Der erste Verfassungszusatz verbietet es dem Staat, jemanden zu zwingen zu reden, jedoch bestätigte Casey das Gesetz von Pennsylvania, das von den Anbietern von Abtreibungen verlangte, spezifische Informationen ihren Patienten zur Verfügung zu stellen, einschließlich staatlich gedruckter Materialien, die zur Adoption aufforderten.
Im Fall National Institute of Family and Life Advocates (NIFLA) v. Becerra (2018) haben republikanische Richter jedoch das kalifornische Gesetz aufgehoben, das im Wesentlichen das Gesetz von Pennsylvania aus Casey wiederholte. Das kalifornische Gesetz verlangte von vielen 'Krisenschwangerenzentren', dass sie ihre Patienten über staatliche Programme informieren, die den Zugang zu Abtreibungen fördern.
Es ist schwer zu verstehen, wie diese beiden Urteile koexistieren können. Wie Richter Stephen Breyer in seinem Widerspruch in NIFLA bemerkte: „Wenn der Staat gesetzlich verlangen kann, dass ein Arzt einer Frau, die eine Abtreibung sucht, über Adoptionsdienste informiert, warum kann er dann nicht verlangen, dass ein Berater einer Frau, die Hilfe bei einer Schwangerschaft sucht, über Entbindungs- und Abtreibungsdienste informiert?“
Es ist nicht verwunderlich, dass ADF sich im Fall Chiles aktiv auf NIFLA beruft und den Satz zitiert, dass „Staaten das berufliche Verhalten regulieren können, selbst wenn dieses Verhalten das Sprechen beinhaltet.“ Nach Ansicht von ADF war das Gesetz von Pennsylvania aus Casey verfassungsmäßig, da es die Durchführung einer 'medizinischen Prozedur' regelte, indem es von Ärzten forderte, spezifische Informationen für die „informierte Zustimmung“ zu dieser Prozedur bereitzustellen. Kunsttherapie hingegen ist keine medizinische Verfahren — es handelt sich lediglich um Kommunikation — und unterliegt daher nicht der Regulierung nach dem ersten Verfassungszusatz.

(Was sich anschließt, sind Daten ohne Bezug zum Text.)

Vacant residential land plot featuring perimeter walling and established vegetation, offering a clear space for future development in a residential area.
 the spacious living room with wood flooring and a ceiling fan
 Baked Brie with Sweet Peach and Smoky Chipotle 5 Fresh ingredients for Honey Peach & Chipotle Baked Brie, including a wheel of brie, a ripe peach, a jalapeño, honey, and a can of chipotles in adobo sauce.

Wenn dieses Argument jedoch zutrifft, bedeutet dies, dass jegliche Missbräuche und Nachlässigkeiten von Fachleuten nicht bestraft werden. Ein Arzt, der einem Patienten rät, Gift zu nehmen, oder ein Anwalt, der einen Kunden zur Straftat anstiftet, begeht tatsächlich keinen anderen Akt als das Sprechen. Sofern die Kommunikation zwischen einem Therapeuten und einem Patienten nicht reguliert wird, können keine rechtlichen Konsequenzen gegen einen Therapeuten angewendet werden, der einen Suizidenten zu einem Suizid anstiftet, oder gegen einen, der einen Patienten zur Selbstverletzung anstiftet.

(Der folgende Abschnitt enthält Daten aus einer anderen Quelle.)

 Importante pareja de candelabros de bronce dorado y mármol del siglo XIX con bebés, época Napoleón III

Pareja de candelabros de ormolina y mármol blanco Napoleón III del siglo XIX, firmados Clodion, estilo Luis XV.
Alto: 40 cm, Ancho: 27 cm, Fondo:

Die Chancen, dass dieser Oberste Gerichtshof mit seiner republikanischen Mehrheit von 6-3 das Gesetz von Colorado unterstützt, stehen eher schlecht. So wie die fünf Republikaner, die NIFLA beschlossen haben, und ein vorteilhafteres Regelwerk für Anti-Abtreibungskliniken wendeten, wird die gegenwärtige Mehrheit der Richter wahrscheinlich eine Entscheidung in Chiles treffen, die mit ihren politischen Überzeugungen übereinstimmt.
Dennoch könnten sie durch diese Vernachlässigung schwerwiegende Schäden an langjährigen Regeln für medizinische, juristische, psychische und viele andere Fachkräfte verursachen. Wie Colorado in seinem Memorandum anmerkt, haben Staaten lange Zeit Sanktionen gegen Fachleute verhängt, die in ihrer Praxis nicht den Behandlungsstandards entsprechen. Es ist ziemlich kompliziert, eine grundlegende Grenze zwischen einem Anwalt, der einem Kunden inkompetente Ratschläge gibt, und einem Therapeuten, der eine Behandlung anbietet, die stark von den von professionellen Organisationen definierten Standards der Hilfe abweicht, zu ziehen.